### Exercise requirements
In the data below, find the line with "속초 회포장 맛집 회가 내돈내산 가성비 횟집 신유네회포장 예약 실패" and output it along with every later line, exactly, but not the pictures.

### Provided material
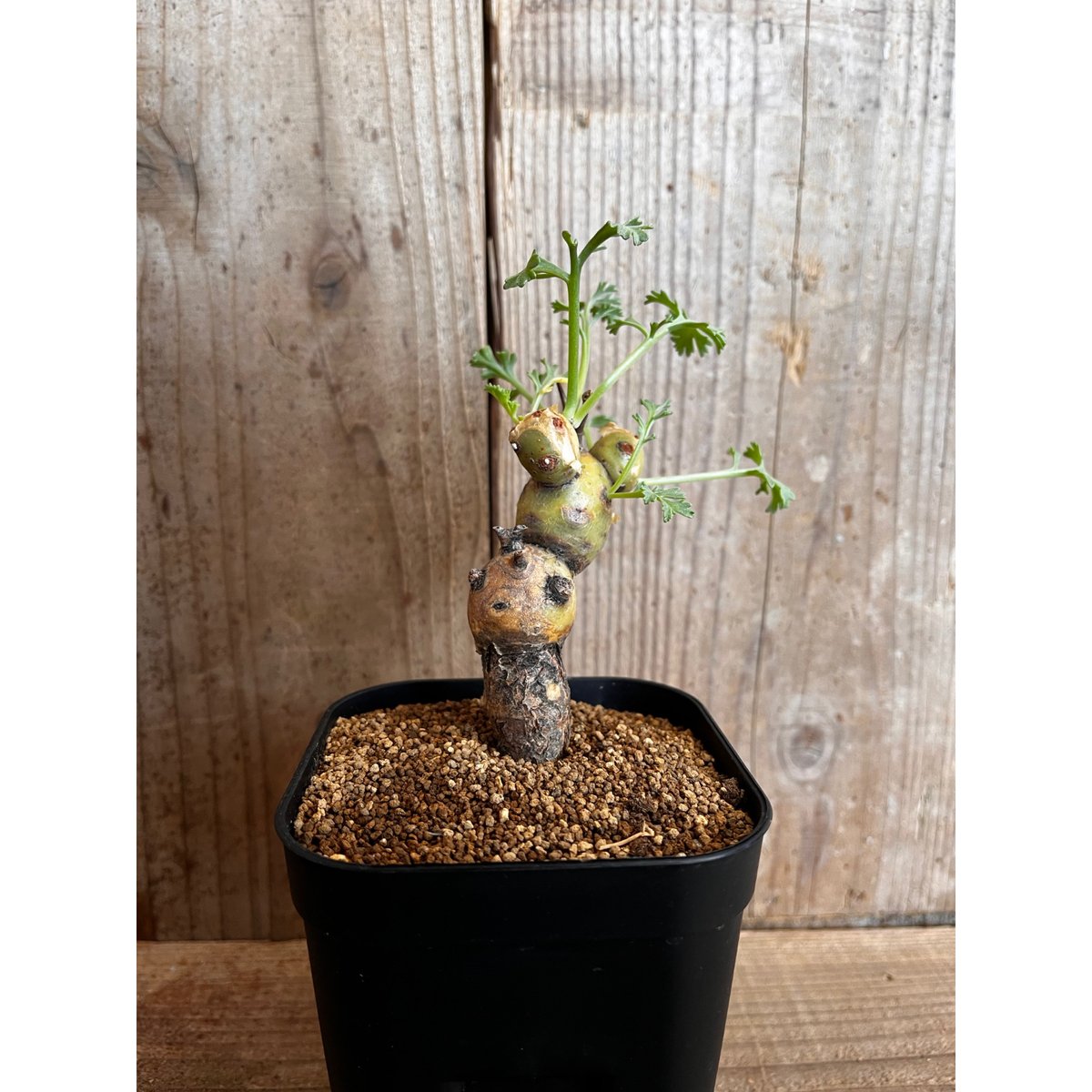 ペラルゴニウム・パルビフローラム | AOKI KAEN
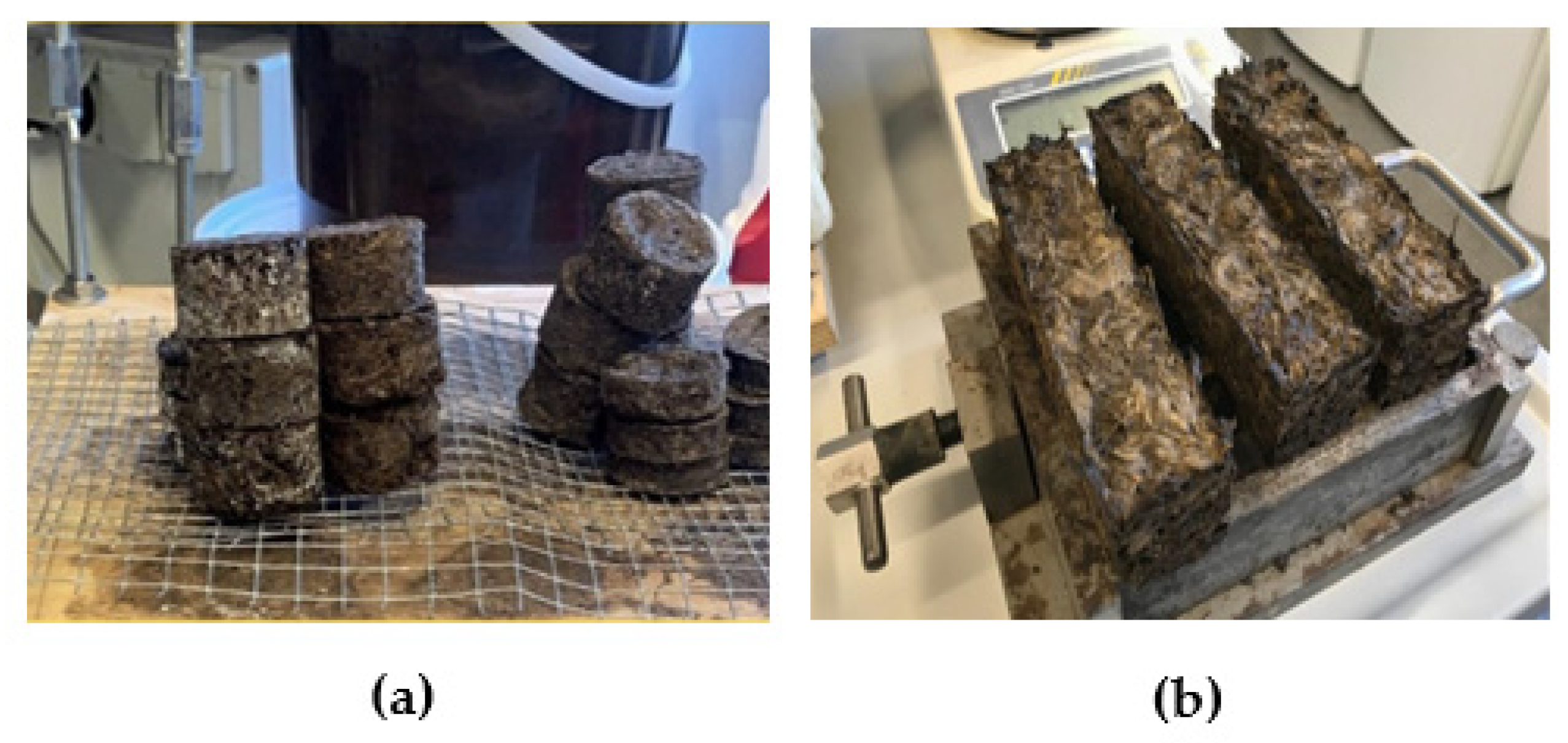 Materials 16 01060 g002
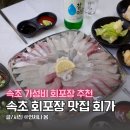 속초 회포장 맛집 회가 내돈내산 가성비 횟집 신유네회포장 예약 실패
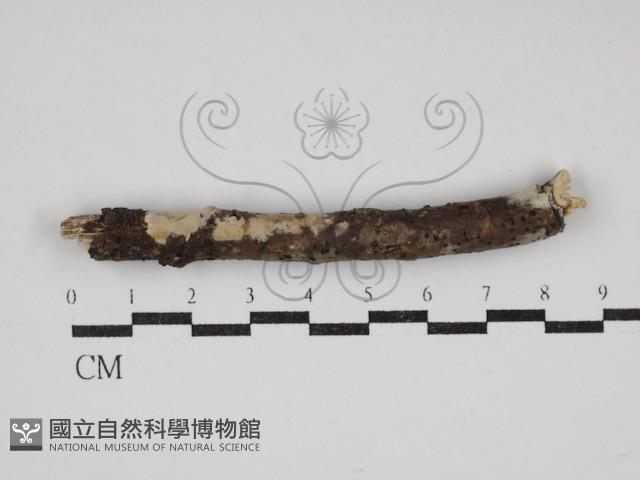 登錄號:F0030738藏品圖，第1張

### Exercise result
 속초 회포장 맛집 회가 내돈내산 가성비 횟집 신유네회포장 예약 실패
 登錄號:F0030738藏品圖，第1張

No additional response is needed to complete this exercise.